Pharmacology of a CpG-Linked Anti-Mir-126 Oligonucleotide Targeting Acute Myeloid Leukemia (AML) in Rats and Non-Human Primates (NHP)

Introduction: Acute myeloid leukemia (AML) is a lethal hematopoietic malignancy, characterized by the accumulation of clonal myeloid progenitor cells arrested in development. AML patients have dismal outcomes with a 5-year overall survival (2011 - 2017) of 29.5% (SEER). The persistence of leukemia stem cells (LSCs), a treatment-resistant primitive cell population able to inititiate and maintain AML, is thought to underlie relapse. Even newly approved drugs do not target LSCs efficiently. MicroRNA (miR)-126 is a non-coding regulatory RNA that contributes to LSC homeostasis in the bone marrow niche. Several lines of evidence validate miR-126 as a target in AML. Thus, we designed and made a novel anti-miR-126 oligonucleotide (oligo) linked to a CpG moiety, termed miRisten. miRisten incorporates modifications such as 2'-fluoro and phosphorothioate substituting phosphodiester in the sugar moiety of the nucleotide to enhance in vivo stability. miRisten eradicates LSCs in mouse models of AML and synergizes with FDA-approved AML drugs (PMID: 29505034, 34372909). Here, the results of IND-enabling toxicokinetic (TK) studies of miRisten in rats and NHP are presented.

Objective: To investigate the pharmacological properties of miRisten to establish a safe dosing strategy to achieve prolonged knockdown of miR-126 for a first-in-human trial.

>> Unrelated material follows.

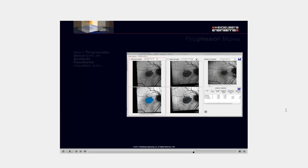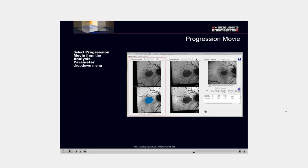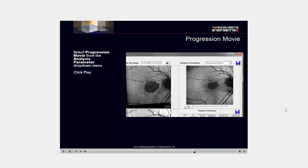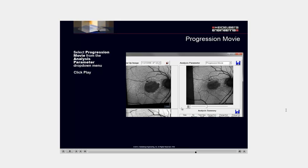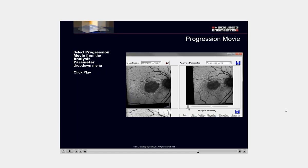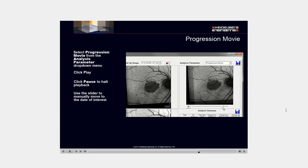Select progression movie from the analysis parameter drop-down menu. Click play. Click pause to halt playback. Use the slider to manually move to the date of interest.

Experimental Plan and Results: Good laboratory practice (GLP) TK studies were carried out in Sprague-Dawley rats. miRisten was given IV b.i.d. for 19 days at human equivalent doses (HED) of 1.6 and 4 mg/kg. miRisten was measured in plasma after the first dose. Plasma miRisten C _max average was 3622 ± 335 and 6010 ± 175 nM post first doses of 1.6 and 4mg/kg, respectively. Plasma t _1/2 averaged 20.0 ± 3.8 minutes across both doses. The area under the curve (AUC 0 - ¥) were 638.9 ± 32 nMxhr (1.6 mg/kg) and 1313.5 ± 439 (4 mg/kg). A parallel toxicology study was undertaken documenting cage-side observations and body weight; complement activation, blood chemistries, urine and hematology were also evaluated. There were no unscheduled deaths in the toxicology segment. Four single NHP exploratory studies were also carried out (Fig. 1: Treatment schema). In each study, miRisten was given IV as a slow bolus (~5') b.i.d. and PK parameters evaluated in plasma. Study #1 & #2: 1 wk at 4mg/kg; #3: 1 wk at 5 mg/kg; #4: 18 days at 4 mg/kg. In all studies, miRisten dosage was ramped up (1, 2, 4 mg/kg for all and 5 mg/kg at dose 4 for Study #3). Solumedrol was given as premedication for the first 3 doses in all studies to prevent known phosphorothioate-mediated complement activation and cytokine release syndrome. Blood draws for PK were carried out immediately following doses 3 and 12 (Studies 1 - 3) and after the last dose on Day 18 (Study 4). The average area under the curve AUC was 3860 ± 1189 (4 mg/kg) and 3954 ± 1569 nMxhr (5 mg/kg) which was greater than observed in mice given the equivalent HED in bolus doses (~6x, 465.0). The t _1/2 of plasma miRisten was 11.7 min on Day 3 and 12.0 min on Day 7, comparable to mouse (9.6 min) and rat (20 min). Cage-side observations, body weight, complement activation, blood chemistries, urine and hematology were also evaluated. There was no terminal sacrifice of NHP however, all animals tolerated the treatment without observable adverse events. Conclusion: The dose ramp-up in NHP combined with pre-medication with solumedrol were undertaken to prevent possible acute inflammatory reactivity leading potentially to death. There were no unscheduled deaths in any species studied. These data are consistent with the safety of miRisten given IV with a dose ramping regimen combined with solumedrol. The greater AUC in NHP may predict better potency in humans. In mice, miRisten at 1.6 mg/kg HED q.d. effectively eradicated LSCs [PMID 29505034].